WORK REQUIRED:
Here is the task for the records below: repeat exactly the lines from the one with "Mazda 323 (/F) — fotografia 6" to the one with "BRIGGS & RILEY", both included, and nothing else.

[Data items]
---

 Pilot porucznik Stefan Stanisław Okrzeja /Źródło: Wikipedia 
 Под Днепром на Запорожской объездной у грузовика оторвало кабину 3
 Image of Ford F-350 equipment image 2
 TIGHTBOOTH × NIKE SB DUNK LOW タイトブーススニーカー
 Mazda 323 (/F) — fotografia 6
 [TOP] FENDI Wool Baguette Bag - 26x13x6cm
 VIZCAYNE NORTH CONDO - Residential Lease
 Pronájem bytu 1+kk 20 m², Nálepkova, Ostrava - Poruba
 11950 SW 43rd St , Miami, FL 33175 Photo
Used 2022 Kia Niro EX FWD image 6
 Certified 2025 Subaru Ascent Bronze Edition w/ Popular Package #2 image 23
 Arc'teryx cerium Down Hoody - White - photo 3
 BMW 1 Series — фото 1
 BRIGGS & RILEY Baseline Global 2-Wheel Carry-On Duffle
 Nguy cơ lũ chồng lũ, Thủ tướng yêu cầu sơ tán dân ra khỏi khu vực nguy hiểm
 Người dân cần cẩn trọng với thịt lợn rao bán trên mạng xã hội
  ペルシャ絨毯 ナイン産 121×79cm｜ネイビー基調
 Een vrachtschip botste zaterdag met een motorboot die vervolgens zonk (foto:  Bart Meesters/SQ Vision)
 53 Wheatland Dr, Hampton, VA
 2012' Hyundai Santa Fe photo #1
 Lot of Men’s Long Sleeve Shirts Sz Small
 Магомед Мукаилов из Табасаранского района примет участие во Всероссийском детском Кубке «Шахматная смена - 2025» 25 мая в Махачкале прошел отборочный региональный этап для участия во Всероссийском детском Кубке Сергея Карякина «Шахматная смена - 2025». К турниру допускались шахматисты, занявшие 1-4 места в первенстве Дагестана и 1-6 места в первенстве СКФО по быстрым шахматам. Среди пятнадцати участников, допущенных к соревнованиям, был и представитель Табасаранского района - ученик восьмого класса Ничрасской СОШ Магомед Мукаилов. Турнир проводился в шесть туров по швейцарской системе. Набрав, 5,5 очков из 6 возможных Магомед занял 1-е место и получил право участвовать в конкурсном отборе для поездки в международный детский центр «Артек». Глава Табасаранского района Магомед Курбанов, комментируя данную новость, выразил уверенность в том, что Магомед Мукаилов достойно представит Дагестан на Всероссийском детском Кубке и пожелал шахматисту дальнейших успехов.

---

REPLY:
 Mazda 323 (/F) — fotografia 6
 [TOP] FENDI Wool Baguette Bag - 26x13x6cm
 VIZCAYNE NORTH CONDO - Residential Lease
 Pronájem bytu 1+kk 20 m², Nálepkova, Ostrava - Poruba
 11950 SW 43rd St , Miami, FL 33175 Photo
Used 2022 Kia Niro EX FWD image 6
 Certified 2025 Subaru Ascent Bronze Edition w/ Popular Package #2 image 23
 Arc'teryx cerium Down Hoody - White - photo 3
 BMW 1 Series — фото 1
 BRIGGS & RILEY Baseline Global 2-Wheel Carry-On Duffle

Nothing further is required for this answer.